Behold the New Year’s Eve fleshcapade in London and other cities across England, as laddettes stumble their way through the evening in a half (or quarter)-dressed stupor.

(Note: pictures lifted from here, in the Daily Mail).

Used to be, only hookers gussied themselves up in whore’s uniforms. For these sexual capitalist exploiters of lonely or bored men, dressing like this made sense: it (a) readily identified a woman as a purveyor of sex for money, and (b) coaxed a fellow’s mind into thinking about having a romp in the hay by bombarding it with sexual signals so clear and so loud only the blind and stone deaf couldn’t see or hear them.

Used to be, other women, “good” girls, who realized that a portion of their value pivoted around virtue, didn’t want to be mistaken for a slut, whose value as a wife was steeply diminished. Yes, they wanted to signal their beauty, but they didn’t want their comeliness to overshadow the other qualities that made her attractive to a potential husband. Not today. “Pretty”, as this author calls it, is dead. Enter hotness”:

Young women today do not seem to aspire to pretty, they prefer to be regarded as hot. Hotness is something altogether different. When women want to be hot instead of pretty, they must view themselves in a certain way and consequently men view them differently as well. Pretty is cherished. Hotness, on the other hand, is a commodity. Its value is temporary and must be used. It is a consumable.

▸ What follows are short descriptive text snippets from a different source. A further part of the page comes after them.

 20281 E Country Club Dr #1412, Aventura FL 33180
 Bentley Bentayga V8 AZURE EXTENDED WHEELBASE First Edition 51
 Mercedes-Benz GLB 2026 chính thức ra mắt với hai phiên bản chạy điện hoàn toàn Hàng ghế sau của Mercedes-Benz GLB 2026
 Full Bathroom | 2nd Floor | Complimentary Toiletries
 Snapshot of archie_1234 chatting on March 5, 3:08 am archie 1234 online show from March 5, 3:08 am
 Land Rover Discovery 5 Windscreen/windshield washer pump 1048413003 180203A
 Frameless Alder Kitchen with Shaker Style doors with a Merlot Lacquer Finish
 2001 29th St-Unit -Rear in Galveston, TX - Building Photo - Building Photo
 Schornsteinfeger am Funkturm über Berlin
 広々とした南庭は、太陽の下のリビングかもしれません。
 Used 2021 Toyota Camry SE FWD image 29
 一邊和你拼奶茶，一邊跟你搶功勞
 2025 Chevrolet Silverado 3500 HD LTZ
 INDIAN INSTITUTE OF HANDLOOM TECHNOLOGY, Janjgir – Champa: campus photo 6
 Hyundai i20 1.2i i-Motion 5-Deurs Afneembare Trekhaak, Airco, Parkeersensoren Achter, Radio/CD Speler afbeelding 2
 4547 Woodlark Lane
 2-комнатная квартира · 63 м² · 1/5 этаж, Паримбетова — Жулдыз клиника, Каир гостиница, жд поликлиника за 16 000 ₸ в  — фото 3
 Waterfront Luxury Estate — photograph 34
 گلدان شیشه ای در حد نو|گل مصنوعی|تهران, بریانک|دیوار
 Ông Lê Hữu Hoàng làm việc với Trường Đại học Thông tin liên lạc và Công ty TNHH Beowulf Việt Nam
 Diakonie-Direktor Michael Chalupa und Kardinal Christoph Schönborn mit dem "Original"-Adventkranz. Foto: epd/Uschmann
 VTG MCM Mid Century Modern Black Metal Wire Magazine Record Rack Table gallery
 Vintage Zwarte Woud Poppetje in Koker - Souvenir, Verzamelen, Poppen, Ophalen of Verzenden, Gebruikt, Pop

The merits of hotness over pretty is easy enough to understand, they made an entire musical about it. Who can forget how pretty Olivia Newton John was at the beginning of Grease. Beautiful and innocent. But her desire to be desired leads her to throw away all that is valuable in herself in the vain hopes of getting the attention of a boy. In the process, she destroys her innocence and thus destroys the pretty. What we are left with is hotness.

Hotness is a consumable. A consumable that consumes as it is consumed but brings no warmth.

Most girls don’t want to be pretty anymore even if they understand what it is. It is ironic that 40 years of women’s liberation has succeeded only in turning women into a commodity. Something to be used up and thrown out.

What happened in Manchester over New Year’s Eve, and repeated in several other cities across England and doubtless here in the States, is what you get when an entire generation of young women, when asked “what else you got?”, look at the empty cupboard of their life, only to realize they had little else to offer. So they double and triple-down on the only attribute of value they have left, cheapening all in a sexual signalling arms race to the bottom.

I find it ironic that the greatest SMP advantage to be had is accrued by women who don’t offer themselves up for sale in the sexual meat market, but instead cultivate those eternal qualities of faith, virtue, chastity, fidelity, thrift, industry, integrity, a nurturing nature, and contentment. Sexuality is merely part of the package, not the whole thing, and it is certainly not packaged and traded upon in hopes of attracting the attention of that hot guy who yourself find hot.

I found humorous truthiness in this comment over at Hot Air:

For me, hot is what happens after pretty strips off.

martin.hale on January 1, 2012 at 10:31 AM

Yup. Note the order here: Pretty first, then removal of modesty-enhancing clothing, then comes hot. Something else, too. Hotness is more than signalling. It’s a state of mind. It’s
an environment, it’s surroundings, it is a climate of trust and safety and intimacy. It’s not simply just dressing like a streetwalker. For the latter is rude, off-putting, disrespectful, and transparent in its naked attempt to manipulate.

In the end, if your response to “what else you got?” is to strip off most of your clothes and parade around in a bid for male and female attention, you’re in the sort of predicament that no amount of flesh-baring will help.